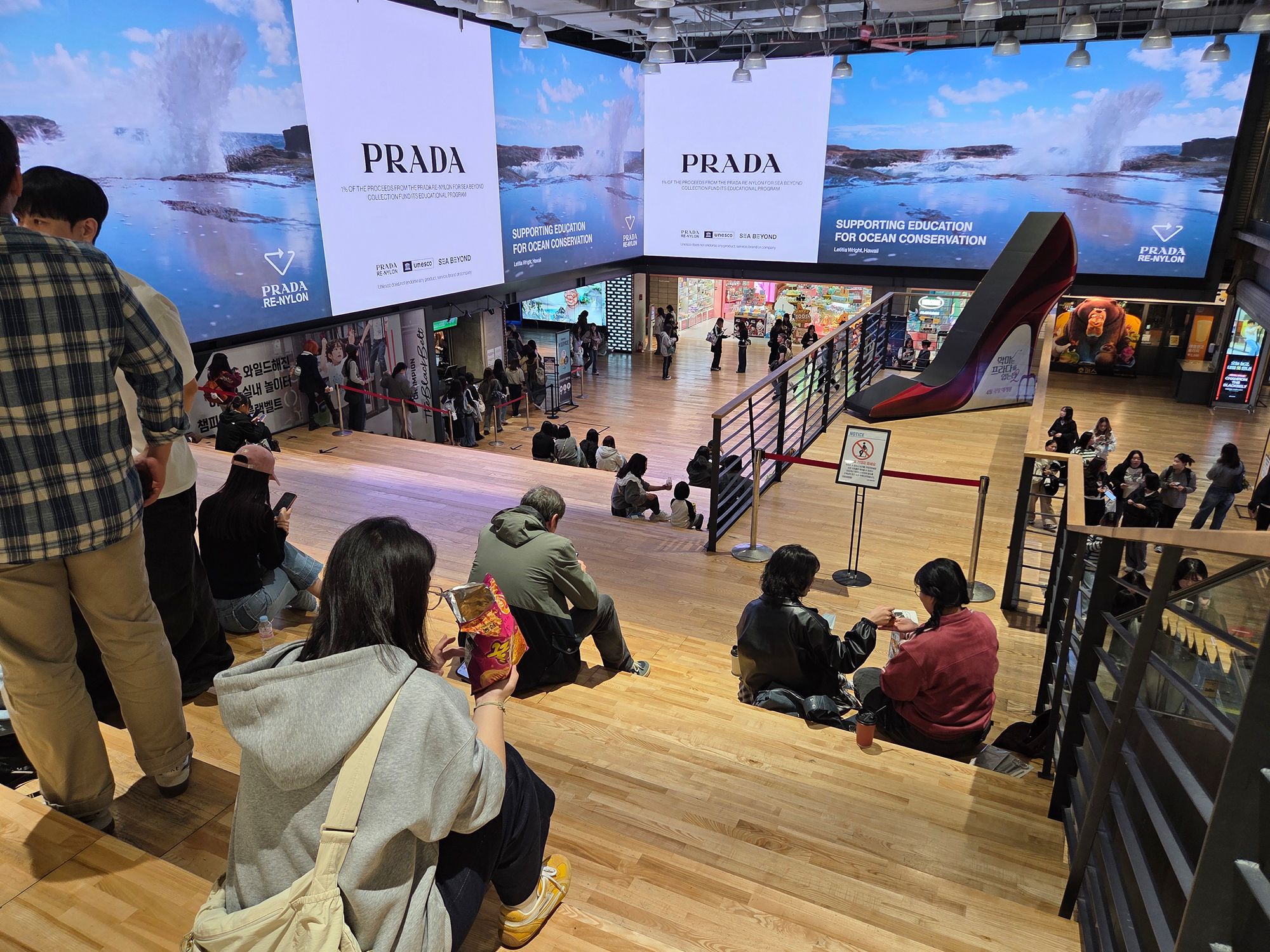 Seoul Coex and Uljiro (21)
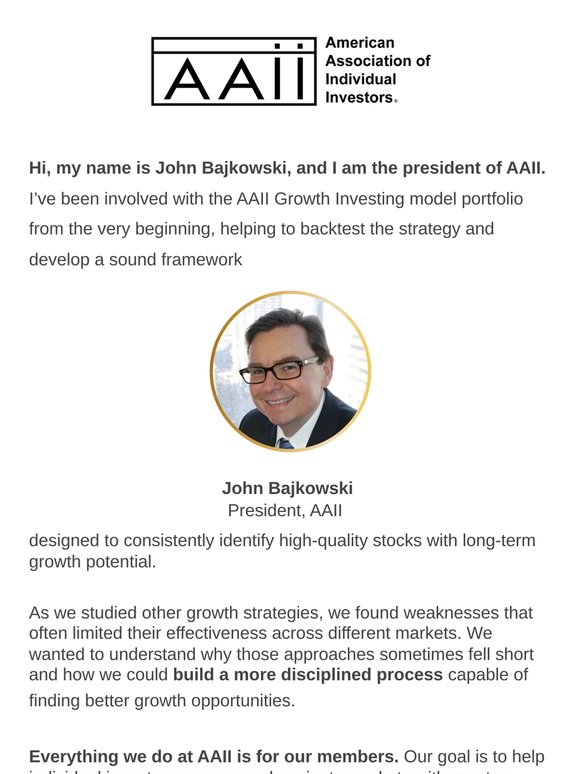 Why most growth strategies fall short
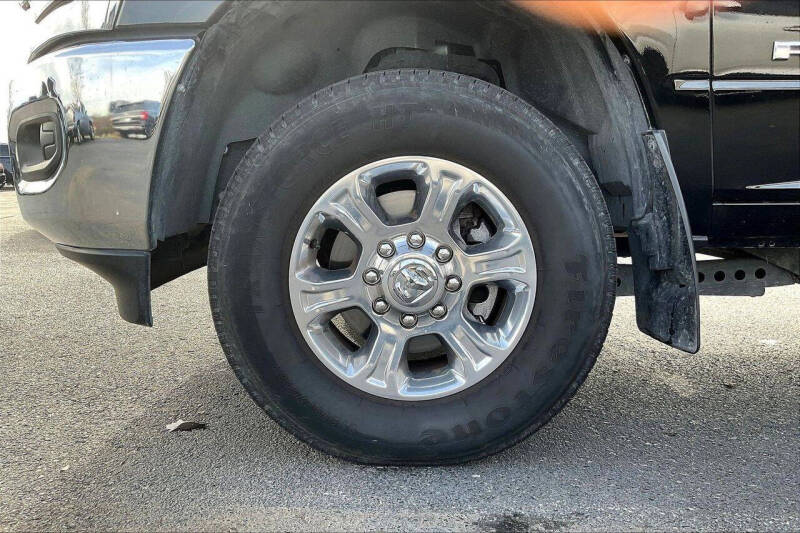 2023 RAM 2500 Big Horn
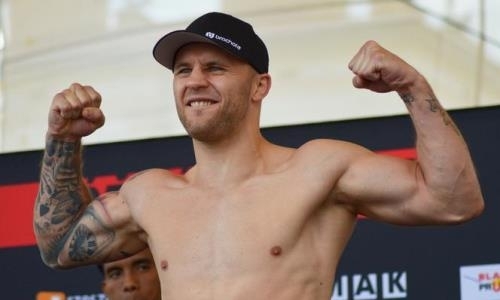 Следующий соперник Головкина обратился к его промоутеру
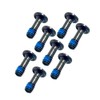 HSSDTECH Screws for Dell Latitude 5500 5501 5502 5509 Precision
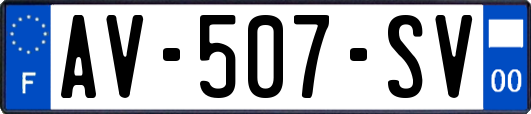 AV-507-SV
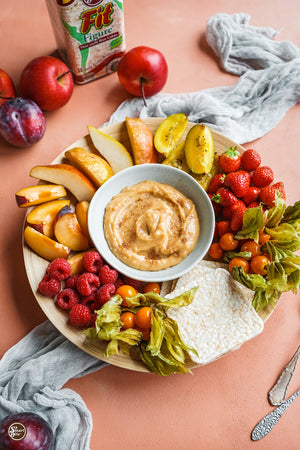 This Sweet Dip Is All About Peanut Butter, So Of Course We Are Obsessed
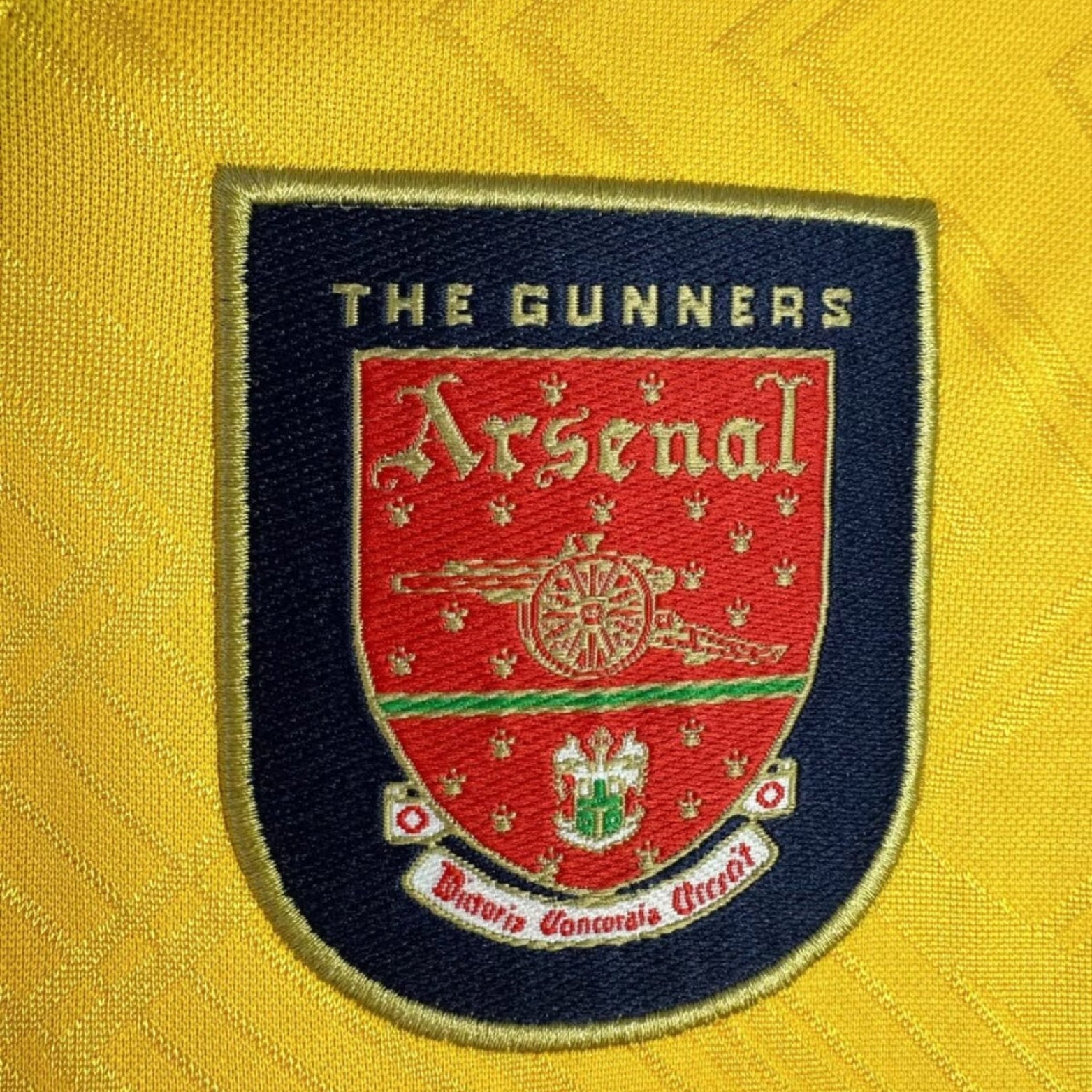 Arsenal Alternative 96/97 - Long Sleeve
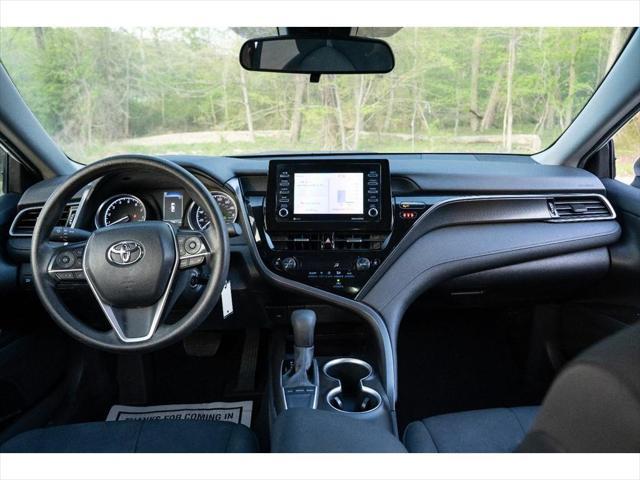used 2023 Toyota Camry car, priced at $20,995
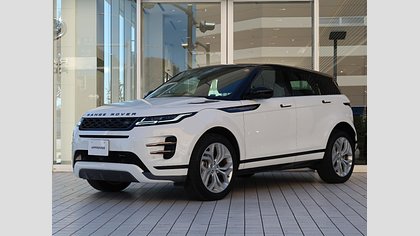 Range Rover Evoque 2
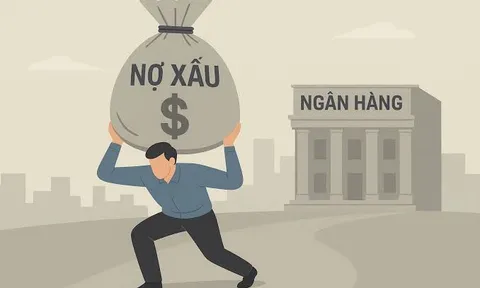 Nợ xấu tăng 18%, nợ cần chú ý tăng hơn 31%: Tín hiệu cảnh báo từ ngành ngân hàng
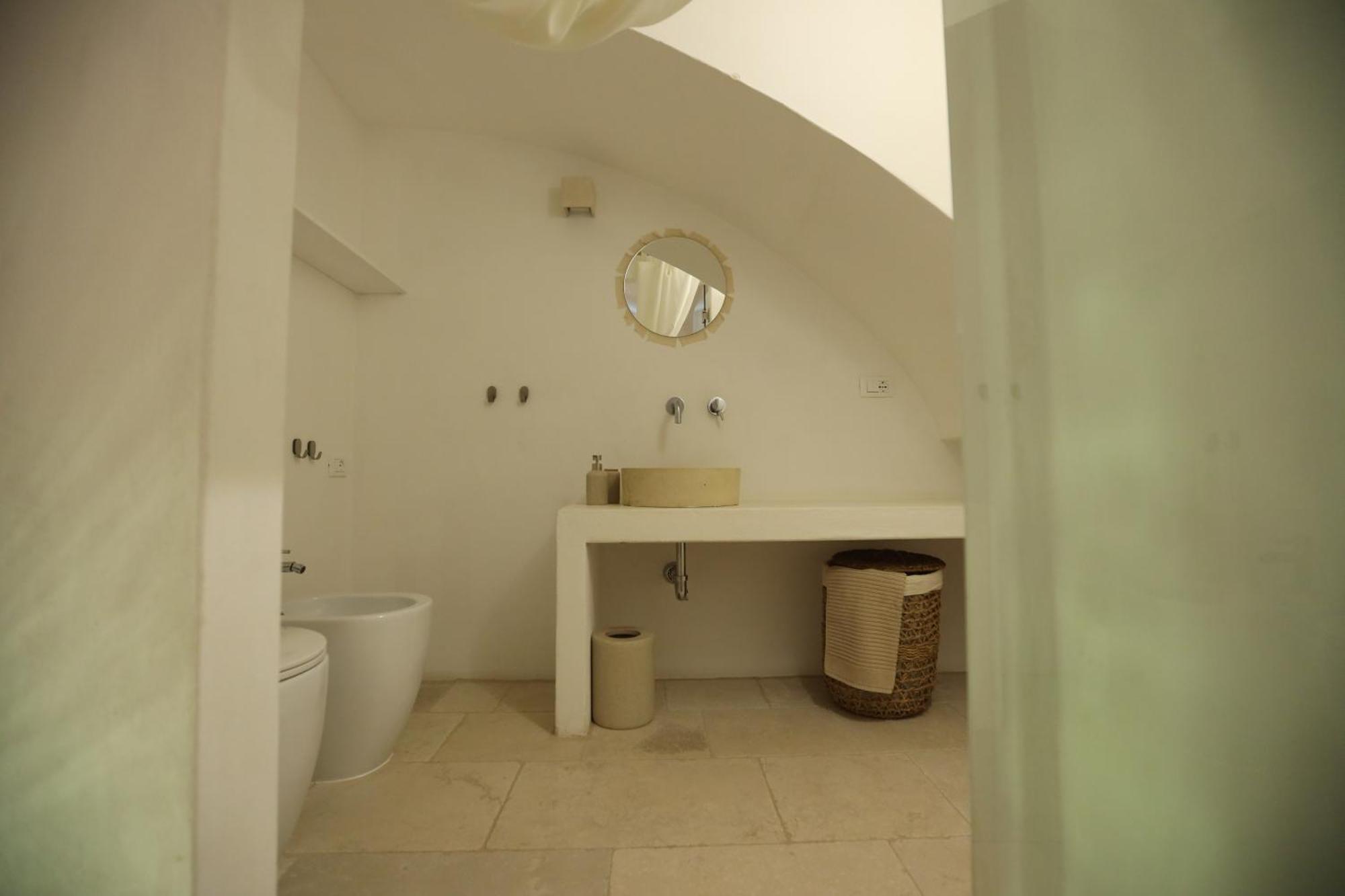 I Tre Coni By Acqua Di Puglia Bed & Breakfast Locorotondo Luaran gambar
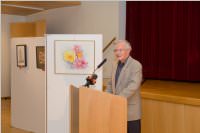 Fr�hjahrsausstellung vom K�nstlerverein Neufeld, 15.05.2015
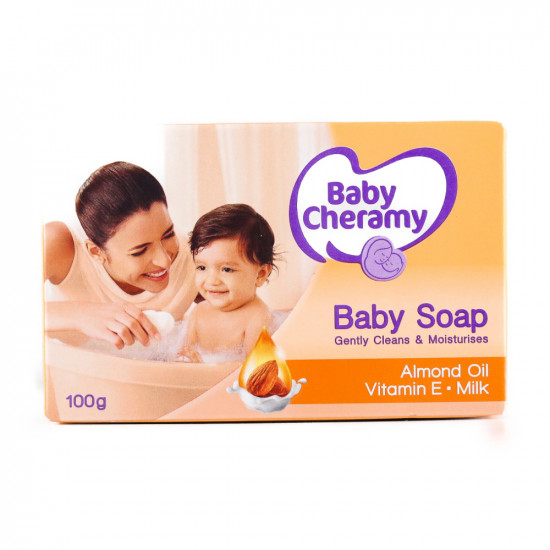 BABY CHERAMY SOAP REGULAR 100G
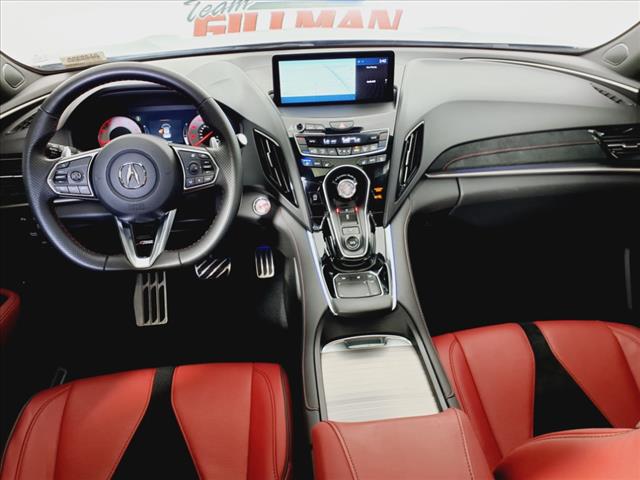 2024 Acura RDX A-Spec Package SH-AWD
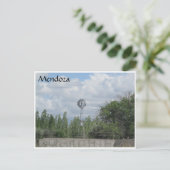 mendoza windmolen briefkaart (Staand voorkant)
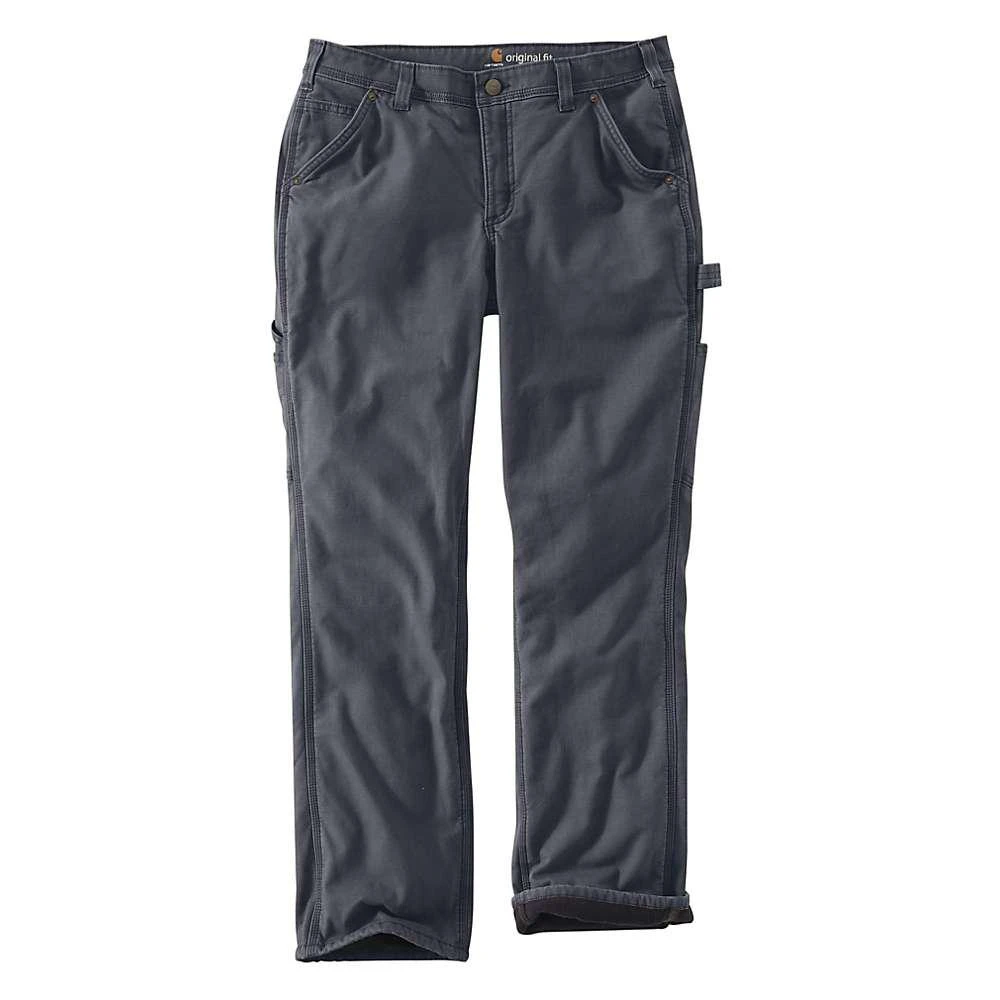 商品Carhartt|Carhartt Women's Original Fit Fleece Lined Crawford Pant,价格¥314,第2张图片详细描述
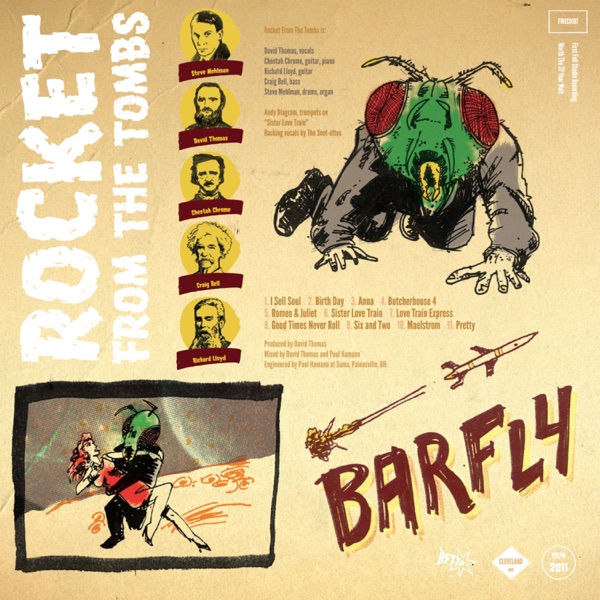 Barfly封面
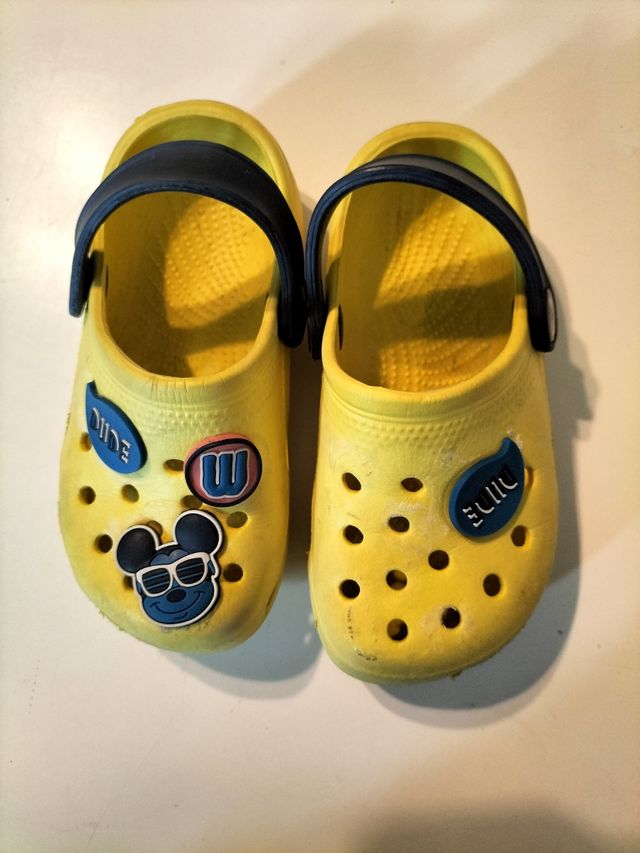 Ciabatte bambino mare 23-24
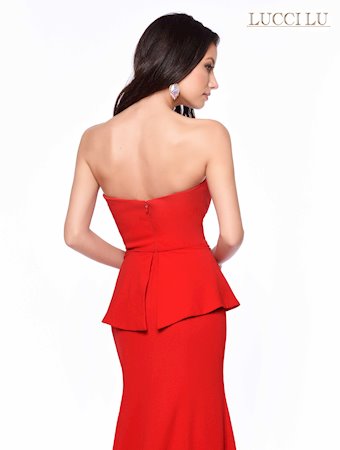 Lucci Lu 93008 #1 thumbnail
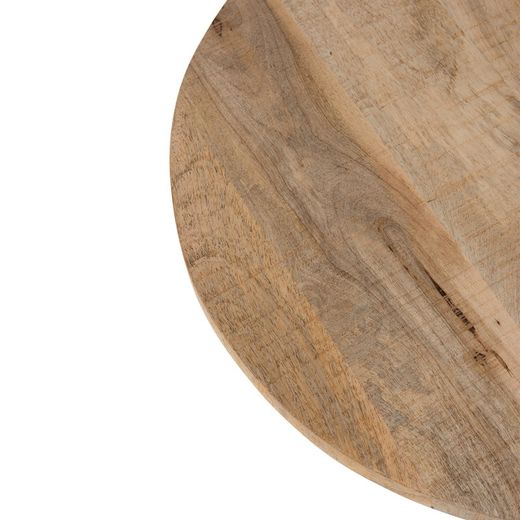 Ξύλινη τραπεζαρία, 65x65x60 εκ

::::

The problem: Repeat verbatim the lines from the one with "Fr�hjahrsausstellung vom K�nstlerverein" through the end of the listing above. Include both ends, add nothing, and exclude the pictures.

Your solution:
 Fr�hjahrsausstellung vom K�nstlerverein Neufeld, 15.05.2015
 BABY CHERAMY SOAP REGULAR 100G
 2024 Acura RDX A-Spec Package SH-AWD
 mendoza windmolen briefkaart (Staand voorkant)
 商品Carhartt|Carhartt Women's Original Fit Fleece Lined Crawford Pant,价格¥314,第2张图片详细描述
 Barfly封面
 Ciabatte bambino mare 23-24
 Lucci Lu 93008 #1 thumbnail
 Ξύλινη τραπεζαρία, 65x65x60 εκ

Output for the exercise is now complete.